This editorial will appear in Thursday’s print edition.
Washington’s ill-fated attempt to share market gains with some public employee pension plan members is back to bite the state budget again.
If a King County judge’s ruling stands, the state could be forced to restore gainsharing, putting a further burden on an already underfunded retirement system.
Budget writers are struggling to find the money just to pay down a $6 billion unfunded liability in two of the state’s oldest pensions. The restoration of gainsharing could add $1.6 billion to the tab over the long term.
Lawmakers have no one but themselves – and their predecessors – to blame.
They once envisioned gainsharing as a no-cost way to share extraordinary returns with state workers, but failed to appreciate how much the pension system relies on using those gains to hold taxpayers harmless during the down years.
Gainsharing passed in 1998, back when the market was flying high and no one could conceive of returns falling below the 8 percent needed to keep the pension system stable.
But then the dot-com bust hit, with 9/11 shortly following. Suddenly, the state budget was on the hook for covering losses that otherwise would have been absorbed by surpluses from prior years.
To make matters worse, legislators had compounded their miscalculation by making gainsharing a permanent part of the receiving member’s base pension benefit, rather than a one-time bonus.
By 2007, the state actuary was projecting the perk would cost $6.7 billion over 25 years. The Legislature canceled gainsharing that year – but not without potentially getting the state in deeper. In an ill-advised attempt to make amends, lawmakers replaced gainsharing with lesser benefits such as earlier retirement.
Public employee unions were undeterred in their opposition. They sued, and last week King County Superior Court Judge Richard Eadie upheld their complaint. Eadie ruled that the state could not unilaterally abandon gainsharing – unless it provided a comparable replacement.
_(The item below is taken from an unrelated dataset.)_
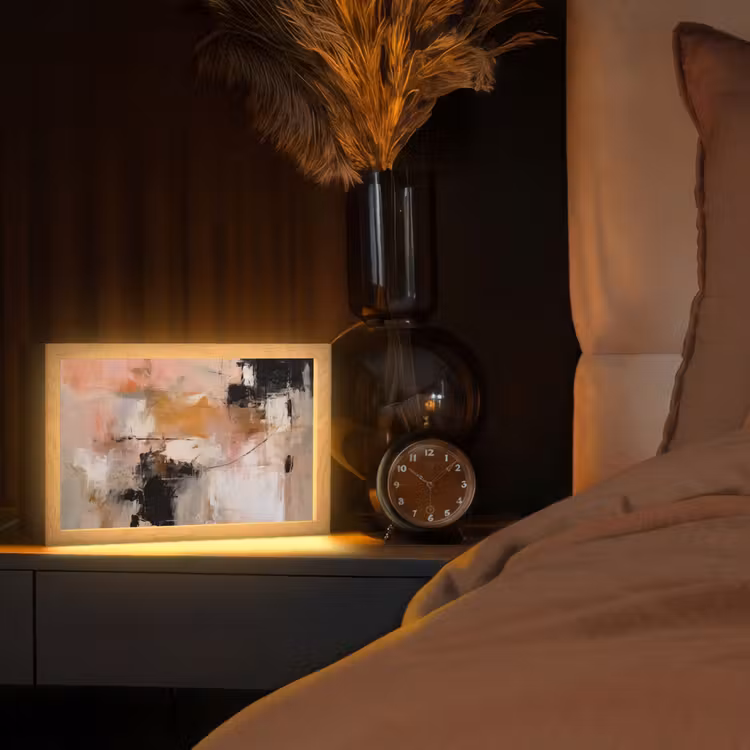 Kunst - Abstract - Beige - Verf Light Box met kabel (Tafellamp) klein -sfeer1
The upshot is that lawmakers might have been better off not making any attempt to assuage state workers.
Unions argue that their members are not only entitled to the restoration of gainsharing, but also to keep the Legislature’s peace offerings.
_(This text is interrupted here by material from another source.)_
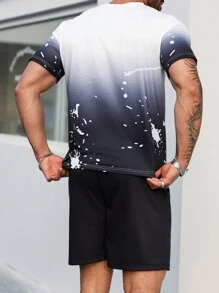 Manfinity Homme Plus Size Men's Round Neck Short Sleeve Letter Print Casual Top And Shorts Set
Gainsharing alone is a $150 million hit to the 2011-13 budget, which is already facing a $3 billion shortfall. The hole gets $100 million deeper if the replacement benefits remain on the books.
At a time when many states are rolling back pension benefits that have grown unsustainable, Washington could be headed the other way. State services will pay the price for lawmakers promising more than the pension system could deliver.